### EXERCISE PROMPT
From the line that holds "Hi, Bill Landry" to the last line below, retype everything exactly and nothing else; omit pictures.

### PROVIDED DATA
=== Section Start ===

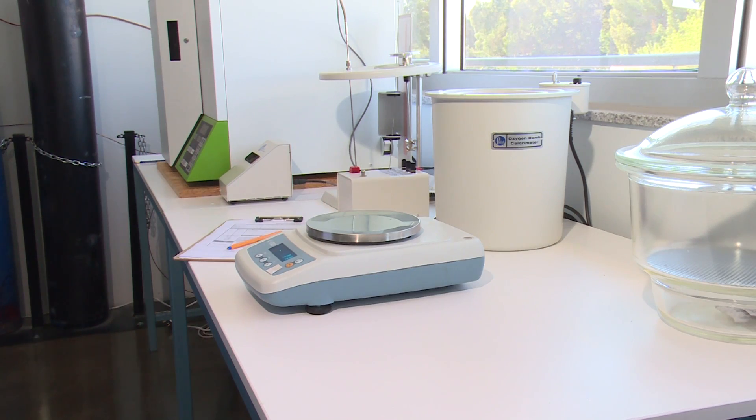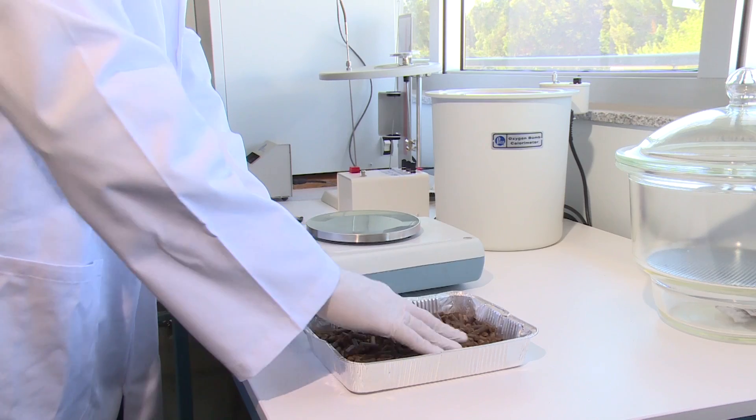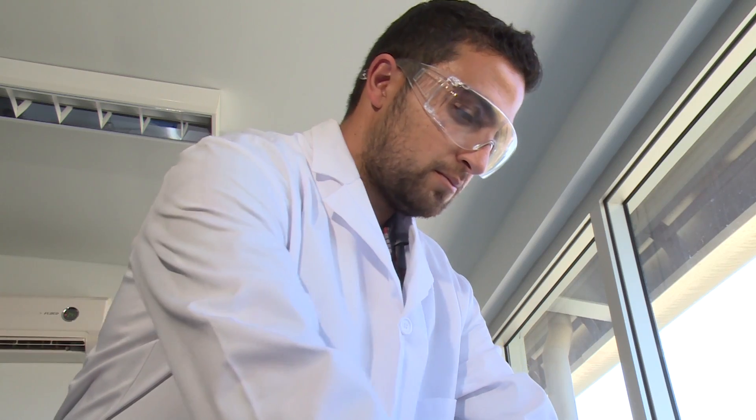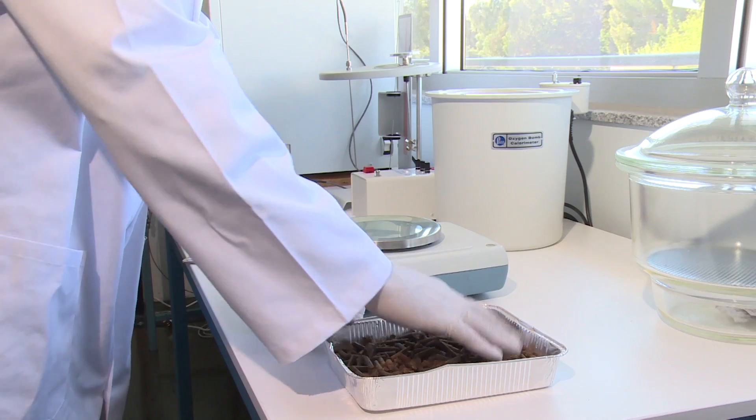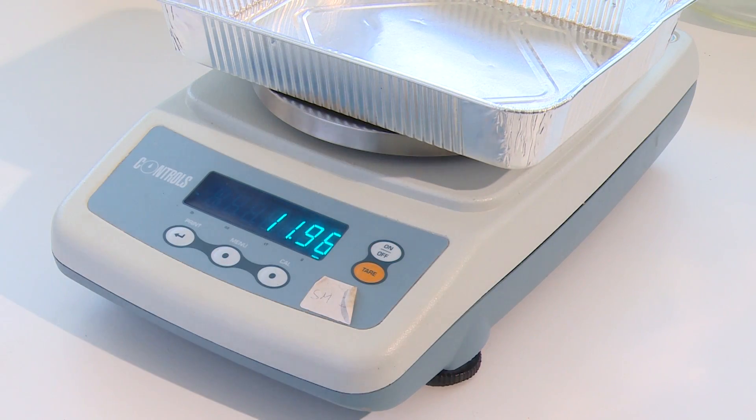Transfer the sample from the container or bag to the tray and spread the sample evenly, allowing about one square centimeter of surface area to one gram of sample. Weigh an identical empty clean tray to the nearest 0.1 gram. Dry the sample packing in the oven and weigh the packing before and after the drying.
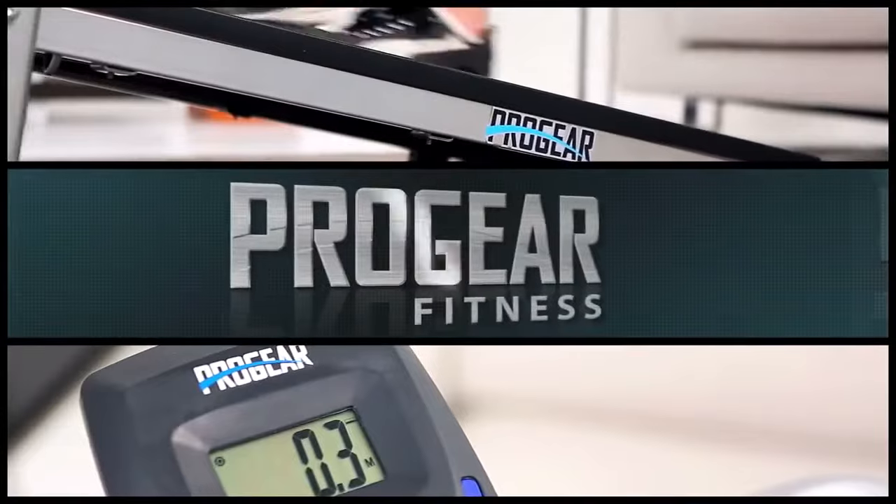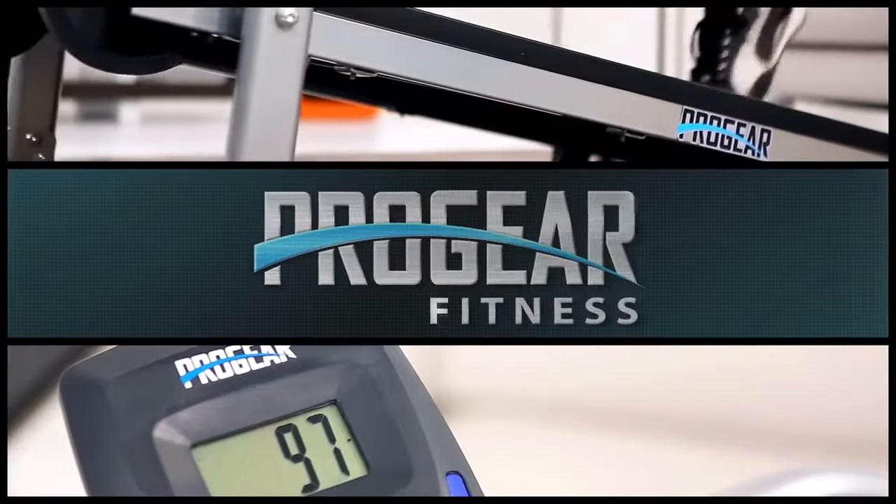Introducing the high-performance Pro Gear LX-225, a manual treadmill.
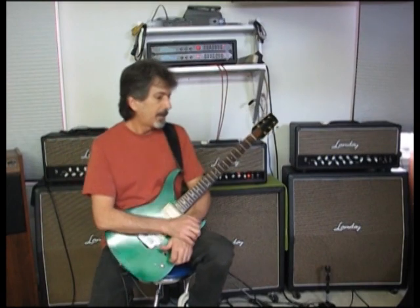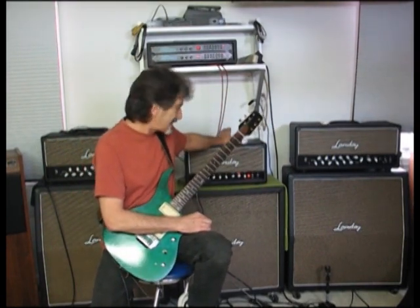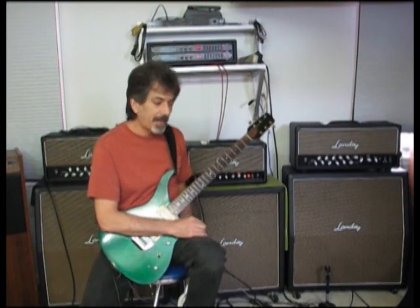Hi, Bill Landry here. Today I've got my LS30 and I've got six L6s in it. Pretty excited about it. It sounds really cool when I'm playing on the Vintage 30 cabinet.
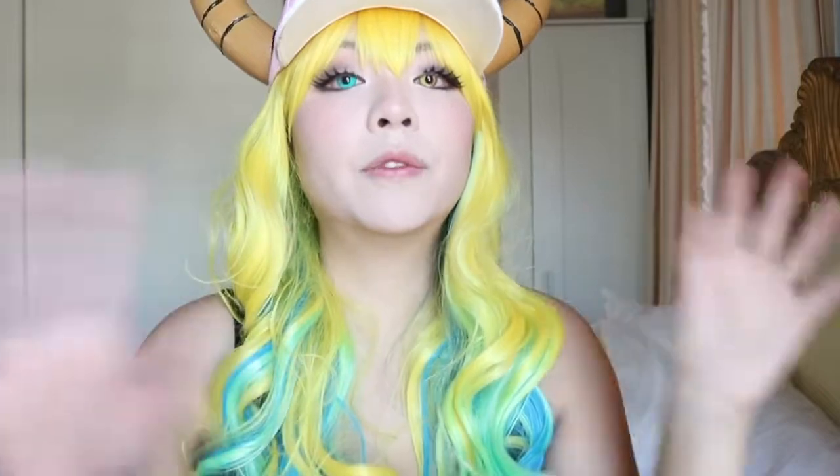I'm gonna go ahead and take this one out and pop in the red one so you guys can see what that looks like. This character doesn't have red eyes, but I just wanted to include it so you guys can see what it looks like. And there you go — red eye compared to the yellow.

=== Section End ===

### SOLUTION
Hi, Bill Landry here. Today I've got my LS30 and I've got six L6s in it. Pretty excited about it. It sounds really cool when I'm playing on the Vintage 30 cabinet.
I'm gonna go ahead and take this one out and pop in the red one so you guys can see what that looks like. This character doesn't have red eyes, but I just wanted to include it so you guys can see what it looks like. And there you go — red eye compared to the yellow.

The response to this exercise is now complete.